= Digital identity in Australia =

In Australia, there are three main forms of digital identity:

- Online identity providers such as myID and Australia Post's Digital iD
- Services Australia's single sign-on portal myGov
- Digital versions of physical credentials or identity documents such as a Driver's License or a Medicare card

== Digital identity providers ==

=== myID ===

myID is a digital identity provider run by the Australian Government. myID allows users to verify their identity with government or non-government online services without having to provide their identity documents directly.

The process for logging into a website that supports myID is as follows:

1. The user selects "Continue with Digital Identity" and enters their email
2. The user enters the code generated by the myID mobile app
3. If the code is correct, the user will be successfully authenticated to the website

As of January 2025 myID supports logging into 76 different online services.

=== Australia Post Digital iD ===
Digital iD by Australia Post is a smart phone based app that allows users to create and validate their ID against the Australian Government Document Verification Service (DVS) and then use it as a primary ID system online and in person.

Users can use their Passports, Driver's Licenses or Medicare Card to assert and confirm ID online. A photo is taken, and head movement is detected to ensure the holder is real and their face matches. Your passport can be scanned using the phone's near-field communication (NFC) reader and used to assert biometrics. The user's image with dynamic security features, and an updating QR code are then displayed to people to verify the ID. The date of birth and full name are displayed on the app. Australia Post claims it is acceptable for use to validate the holder's identity. It can be used instead of KeyPass for holders 18 years and older.

The Digital iD website states that it is used by over 50 government and private organisations across a variety of industries and sectors. Launched in 2016, questions were raised as to longevity of the offering after the founder quit, however, continued investment from Australia Post has seen Digital iD become the first industry provider accredited under the federal government’s Trusted Digital Identity Framework (TDIF). Usage of Digital iD is growing, and Keypass in Digital iD is now accepted as proof of age to enter participating licensed venues and to purchase alcohol in Vic, Tas, Qld, ACT and NT (excluding takeaway alcohol in NT).

==myGov==

myGov is a single sign-on service provided by the Australian Government that allows users to link together accounts with other government departments under the one account. It is primarily used for federal government services, however as of January 2025 some state government services have joined the service.

In order for a myGov account to be used with participating services the user must verify their identity using myID.

Some services supported by myGov include:

- Centrelink
- Medicare
- Australian Taxation Office
- Child Support
- Victorian Housing Register
- My Health Record
- National Disability Insurance Scheme
- My Aged Care
- Department of Veterans Affairs
- Workforce Australia

myGov also integrates with Australia Post MyPost Digital Mailbox to facilitate secure electronic document delivery, as most government departments avoid the use of e-mail to directly deliver private documents.

==Digital credentials==
Some states and territories of Australia offer the ability for their residents to add a digital credential onto mobile phones for pre-existing licenses or identity cards. Digital credentials issued by state or territory governments are considered legal documents in Australia.

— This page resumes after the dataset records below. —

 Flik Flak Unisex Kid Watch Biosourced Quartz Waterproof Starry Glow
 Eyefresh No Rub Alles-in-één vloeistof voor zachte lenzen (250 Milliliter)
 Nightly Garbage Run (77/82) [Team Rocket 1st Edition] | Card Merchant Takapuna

Digital credentials available by state or territory
| State or territory | Issuing authority | Driver's License | Proof of Age Card | Working with Children Check |
| NSW | Transport for NSW | Available since 2019 | Trial available for select residents in Western Sydney and the Blue Mountains | Available |
| Qld | Department of Transport and Main Roads | Available since 2023 |  | Not available |
| Vic | VicRoads | Available since 2024 |  | Available since 2023 |
| SA | Department for Infrastructure and Transport | Available since 2017 |  | Not available |
| NT | No digital credentials available |  |  |  |
WA
ACT

A digital Medicare card is also offered by the federal government through both the myGov website and the myGov app.

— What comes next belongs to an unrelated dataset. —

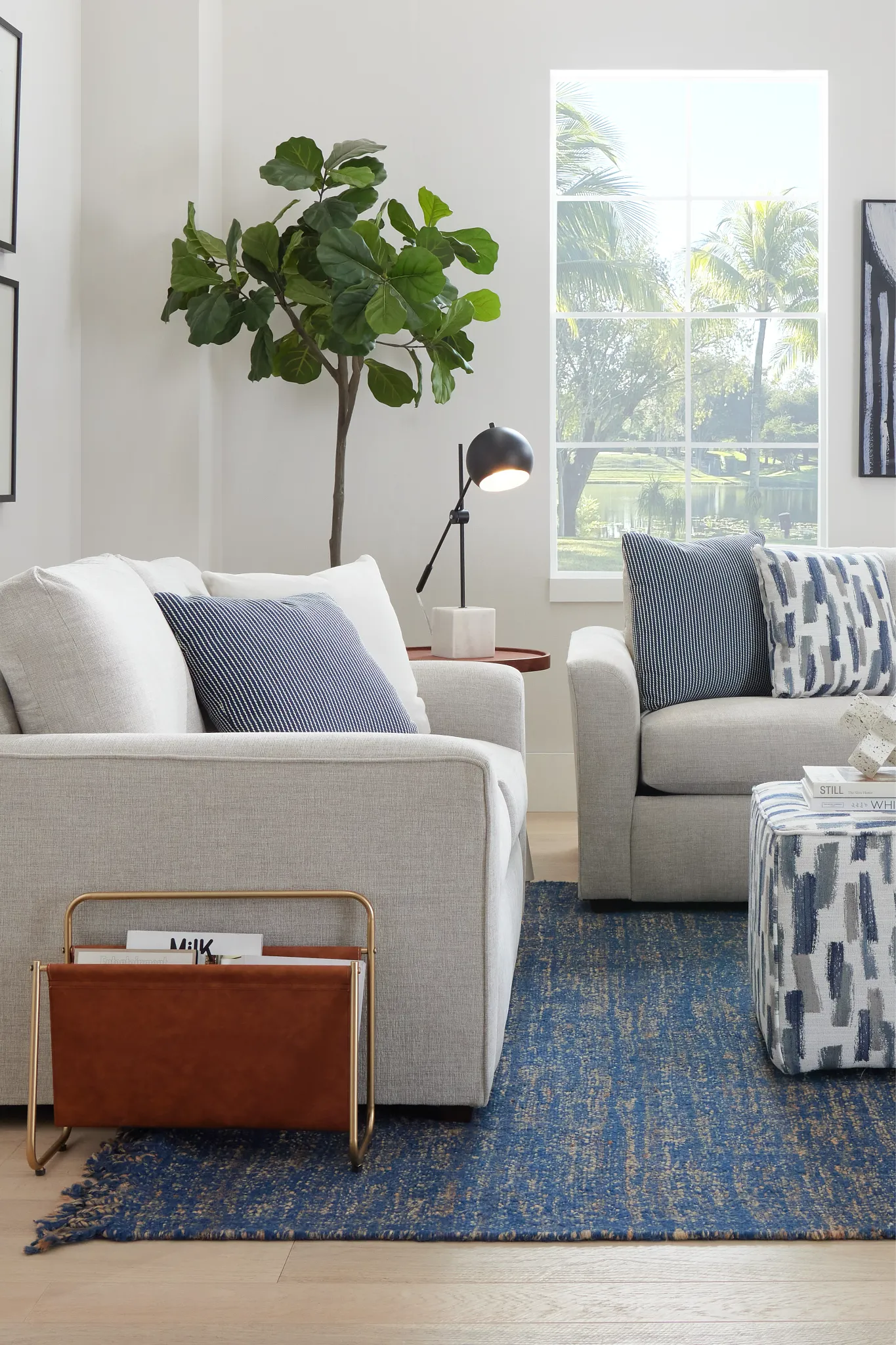 Davis Gray Micro Sofa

==Digital identity verification services==
Identity and associated information can be verified a number of ways:

- The Australian Attorney-General's Department provides a Document Verification Service (DVS) that allows for validation of some licences.
- The Australian Attorney-General's Department also provides a bio-metric face verification service
- Visas, identity, and right to work status can be checked online through the Department of Home Affairs Visa Entitlement Verification Online (VEVO) service.
- Some States and territories allow for driver's licences, photo cards and certificates to be validated online e.g. NSW and Victoria.
- Electoral enrollment can be verified electronically, and may help to verify an identity.
- Private companies offer aggregated online identity checking services e.g. Vix Verify and Equifax
- In addition, certain aspects of individuals can be verified digitally – online, such as:
  - Working With Children Check to ensure that an individual has cleared the necessary background checks to allow them to work with children. To apply for a check the applicant must physically attend an agency, however the employer can verify the check online, for the duration of employment.
  - Australian Criminal Intelligence Commission (ACIC) allows organisations to provide National Police History Check certificates on ACIC's behalf. Some of these can be obtained online (such as Veritas), and later verified online.
  - Some institutions allow the online verification of education qualifications.